Range to repeat from the listing below: the line containing "The Sound - From" down to the line containing "Intermediate Chess Puzzles", both included. Copy it exactly, pictures excluded, and add nothing else.

--

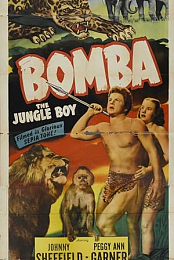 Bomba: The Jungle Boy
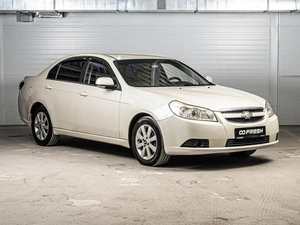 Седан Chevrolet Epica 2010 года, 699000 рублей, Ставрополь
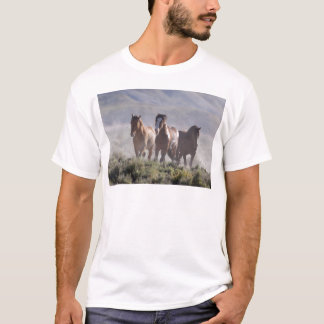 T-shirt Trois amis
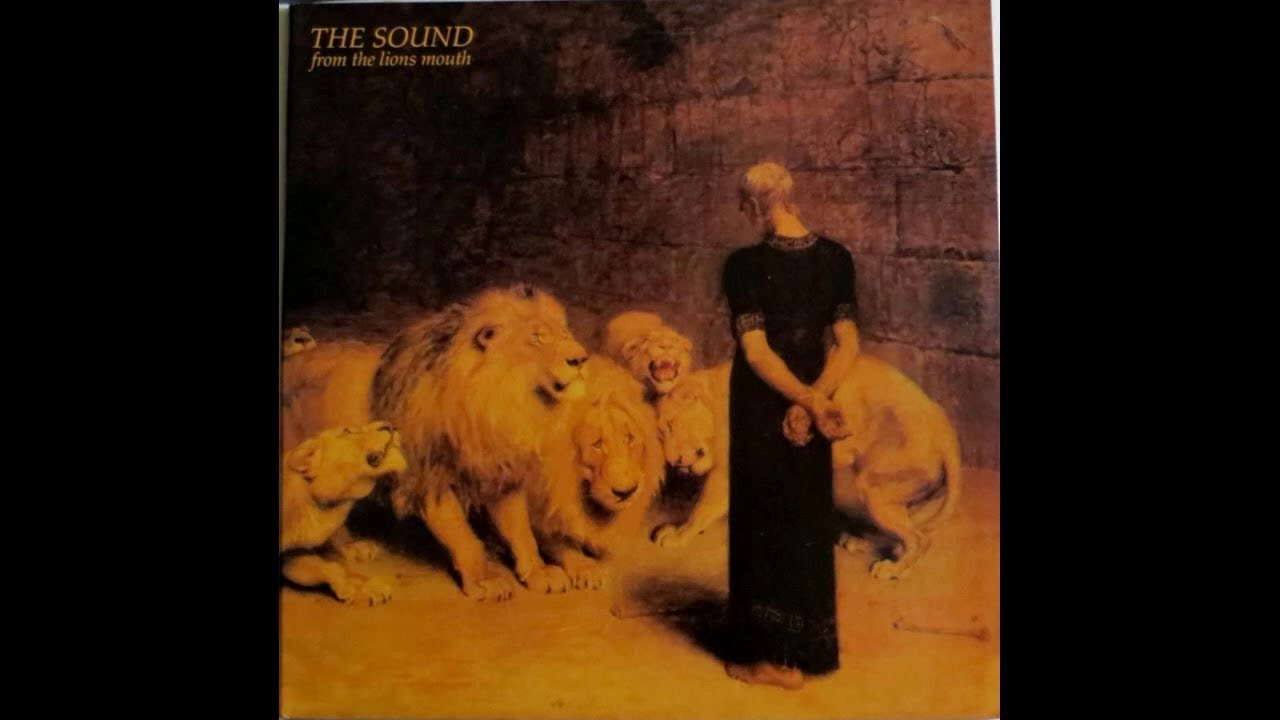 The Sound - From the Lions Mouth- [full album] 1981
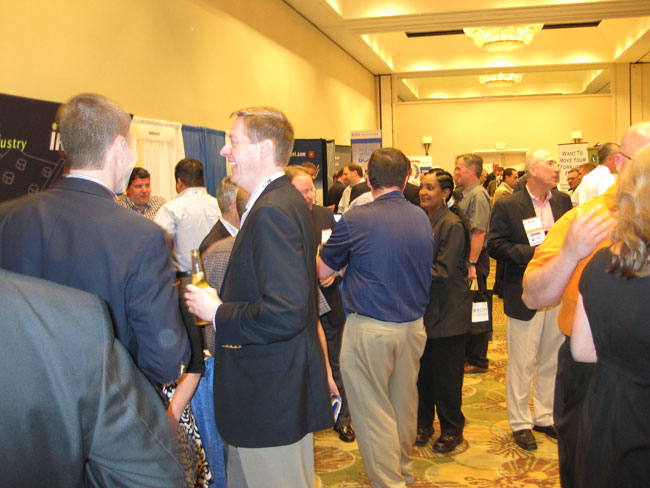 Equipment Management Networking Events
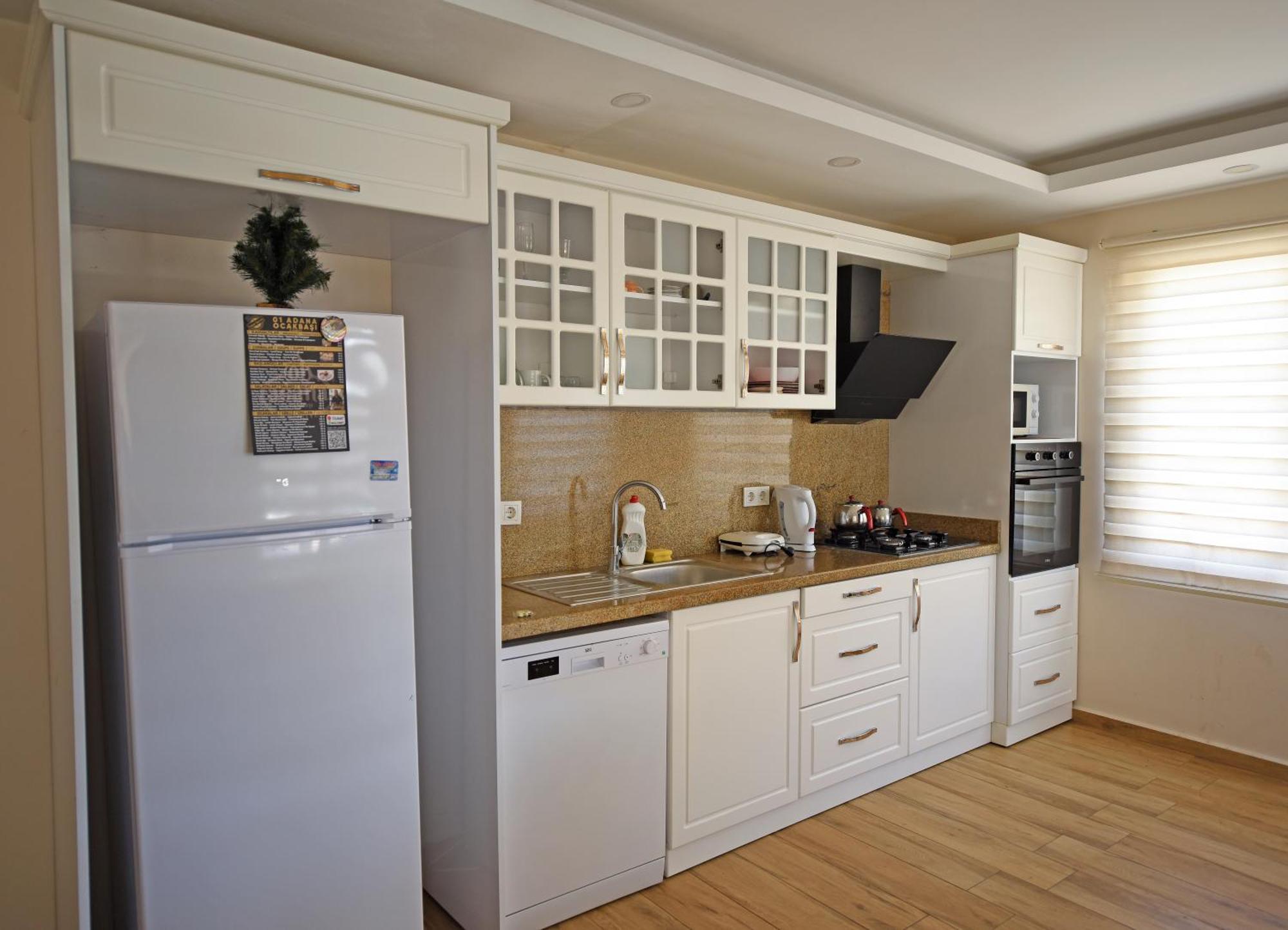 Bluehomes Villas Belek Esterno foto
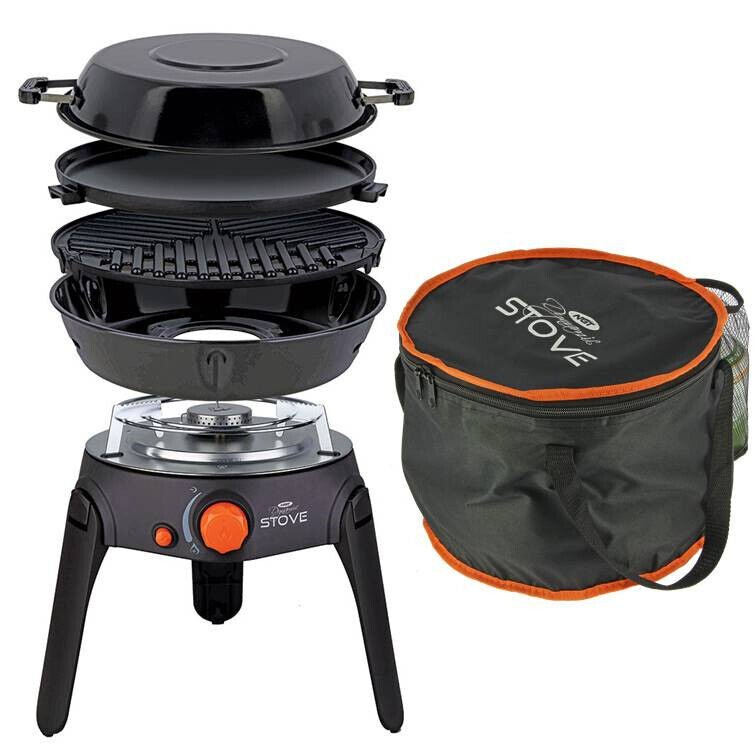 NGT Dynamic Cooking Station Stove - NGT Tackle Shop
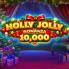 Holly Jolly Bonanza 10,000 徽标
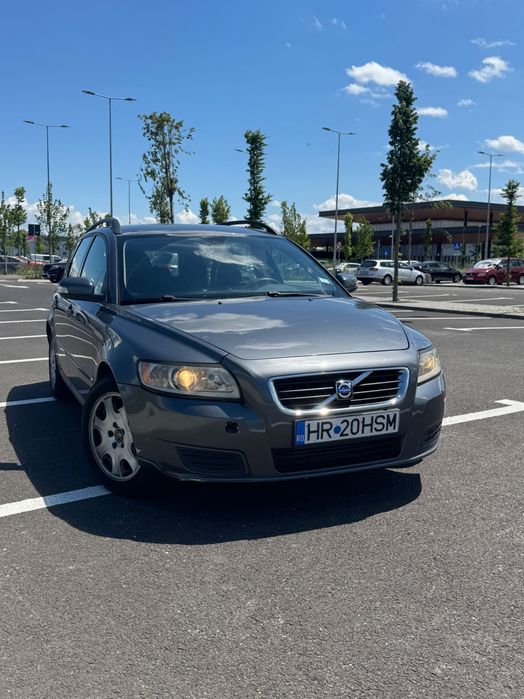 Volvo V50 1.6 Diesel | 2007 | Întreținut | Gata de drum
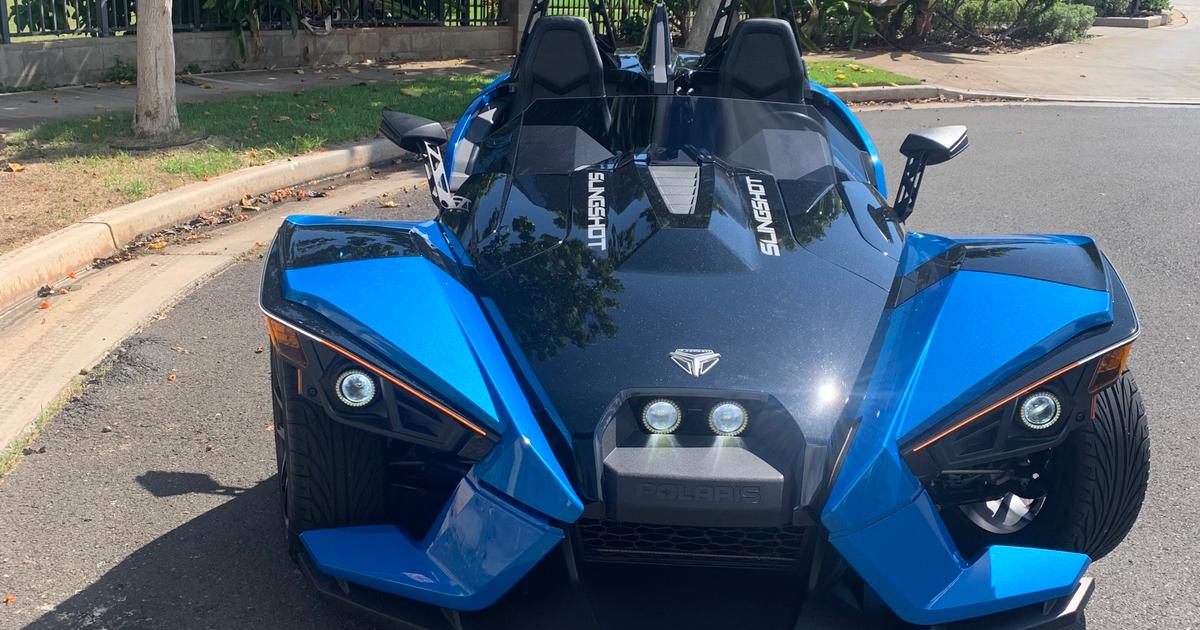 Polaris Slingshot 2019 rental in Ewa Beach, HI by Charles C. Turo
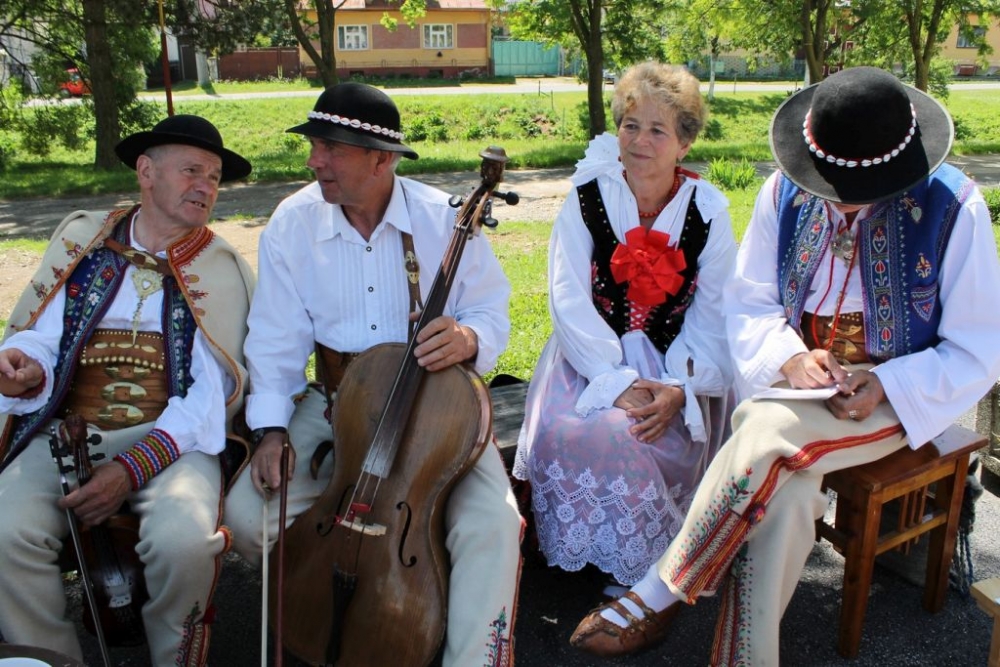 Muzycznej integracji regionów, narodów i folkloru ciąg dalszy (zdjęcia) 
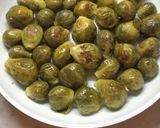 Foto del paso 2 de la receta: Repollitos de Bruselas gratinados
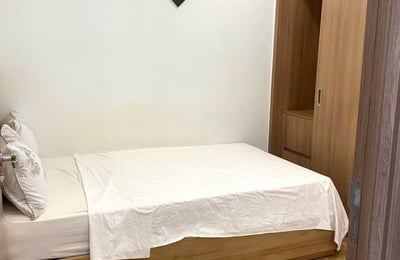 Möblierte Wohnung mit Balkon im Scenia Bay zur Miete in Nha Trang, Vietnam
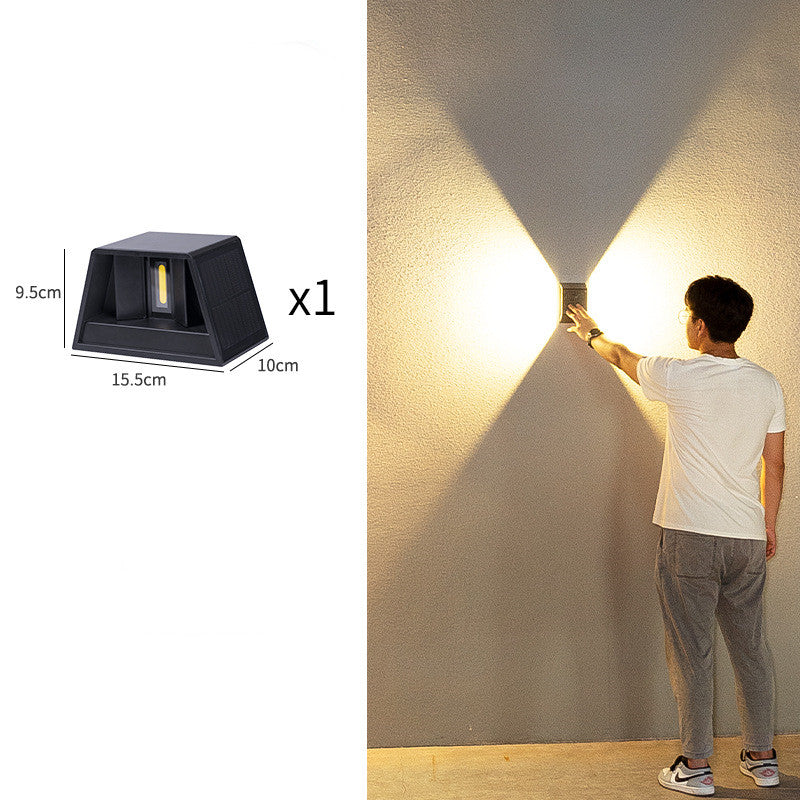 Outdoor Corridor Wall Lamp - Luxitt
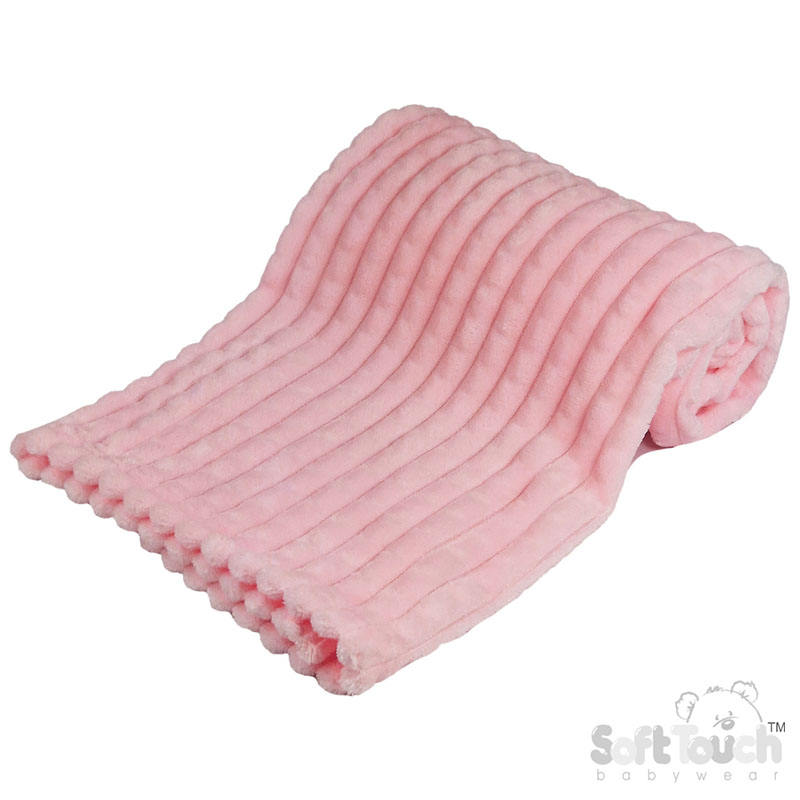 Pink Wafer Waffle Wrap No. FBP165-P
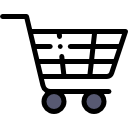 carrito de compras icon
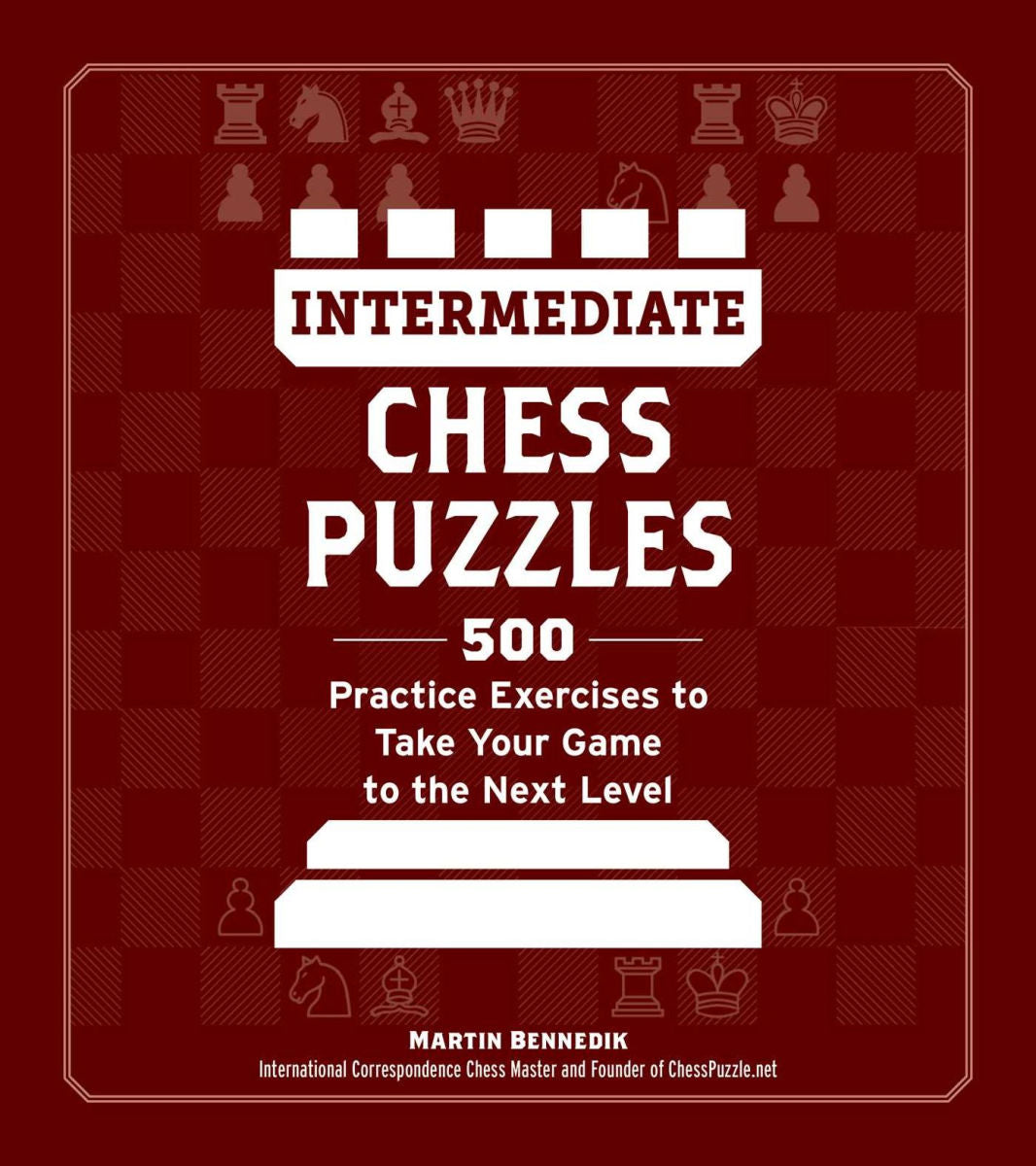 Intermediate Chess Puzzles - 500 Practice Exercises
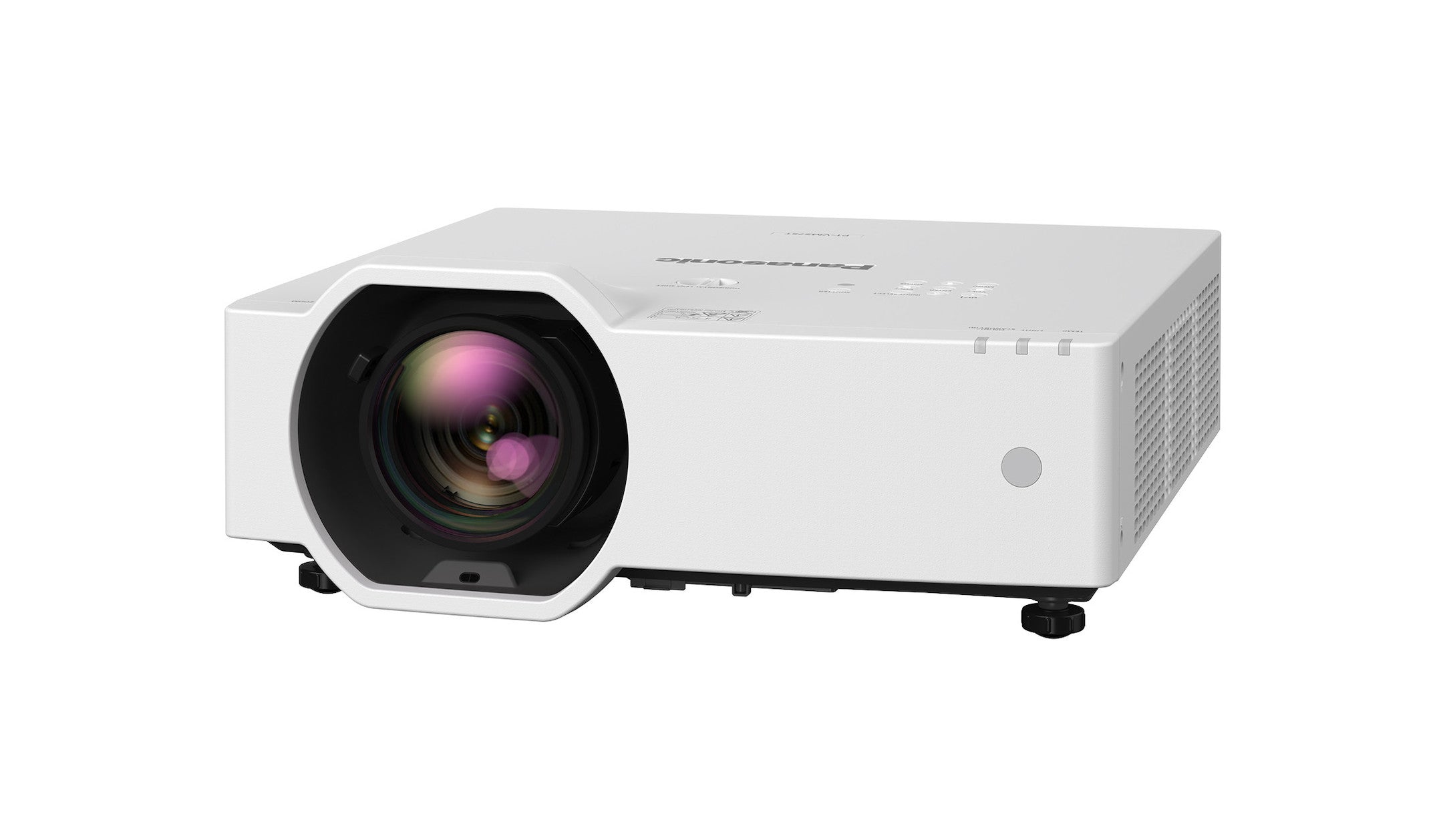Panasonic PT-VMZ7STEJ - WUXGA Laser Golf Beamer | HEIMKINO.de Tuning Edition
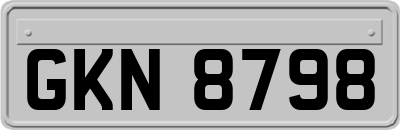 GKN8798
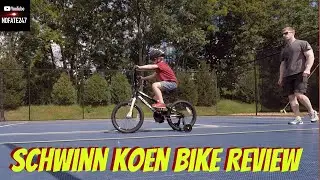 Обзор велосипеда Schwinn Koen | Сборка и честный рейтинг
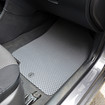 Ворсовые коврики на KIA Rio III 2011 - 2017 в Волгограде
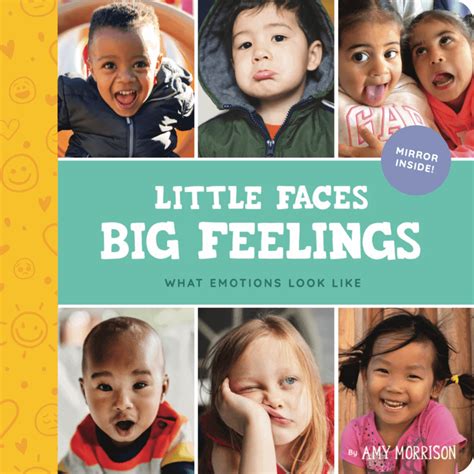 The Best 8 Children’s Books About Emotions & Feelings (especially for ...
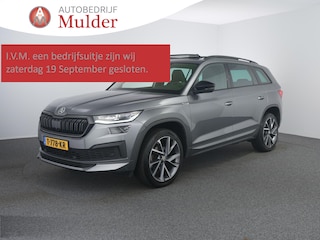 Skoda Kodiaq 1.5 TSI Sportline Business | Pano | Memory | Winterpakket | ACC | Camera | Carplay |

--

Your solution =
 The Sound - From the Lions Mouth- [full album] 1981
 Equipment Management Networking Events
 Bluehomes Villas Belek Esterno foto
 NGT Dynamic Cooking Station Stove - NGT Tackle Shop
 Holly Jolly Bonanza 10,000 徽标
 Volvo V50 1.6 Diesel | 2007 | Întreținut | Gata de drum
 Polaris Slingshot 2019 rental in Ewa Beach, HI by Charles C. Turo
 Muzycznej integracji regionów, narodów i folkloru ciąg dalszy (zdjęcia) 
 Foto del paso 2 de la receta: Repollitos de Bruselas gratinados
 Möblierte Wohnung mit Balkon im Scenia Bay zur Miete in Nha Trang, Vietnam
 Outdoor Corridor Wall Lamp - Luxitt
 Pink Wafer Waffle Wrap No. FBP165-P
 carrito de compras icon
 Intermediate Chess Puzzles - 500 Practice Exercises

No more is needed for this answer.